30 Rock killed it last night. Brian Williams was hilarious. And the real CISCO ad followed by the in-show ad. Classic.


Kathy A - Nov 06, 2009 9:12:14 am PST #1850 of 8624
We're very stretchy. - Connie Neil

Aww, a cute music video by Mark Salling (Puck) paying tribute to his "Glee" family.


Seska (the Watcher-in-Training) - Nov 11, 2009 1:38:45 am PST #1851 of 8624
"We're all stories, in the end. Just make it a good one, eh?"

Nooooooo! They can't split up Robin and Barney!

ROBIN+BARNEY4EVAAAAAAAAAAAAAAA!!!

*sob*

Fun episode, though.


Jesse - Nov 11, 2009 5:43:54 am PST #1852 of 8624
Sometimes I trip on how happy we could be.

Aww, a cute music video by Mark Salling (Puck) paying tribute to his "Glee" family.

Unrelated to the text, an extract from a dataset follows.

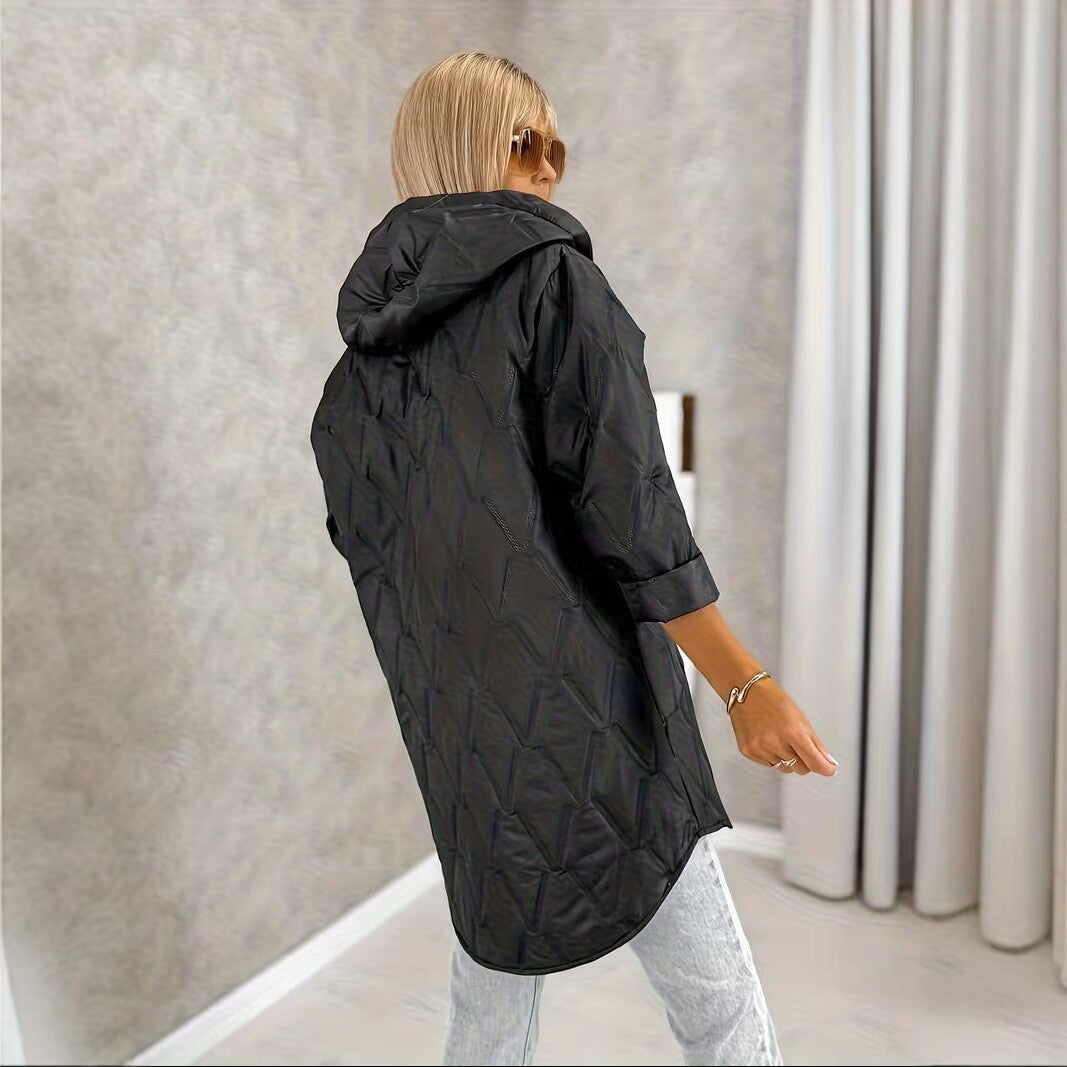 Plus grandes femmes mi-longueur à capuche chaud et détendu-fit manteau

I may have died from how cute that was.


JZ - Nov 11, 2009 7:31:56 am PST #1853 of 8624
See? I gave everybody here an opportunity to tell me what a bad person I am and nobody did, because I fuckin' rule.

Fun episode, though.

Meh. I never thought I'd see a fat suit episode of any show that made me miss fat suit Monica on Friends, but that one came damn close (sure, fat suit Monica was mostly insulting, but she was also still mostly recognizably Monica, and Chandler still utterly loved her).

And it just seems like an overly brief, careless waste of a long, long, intense, interesting-and-complex-and-messy-for-both-characters build-up.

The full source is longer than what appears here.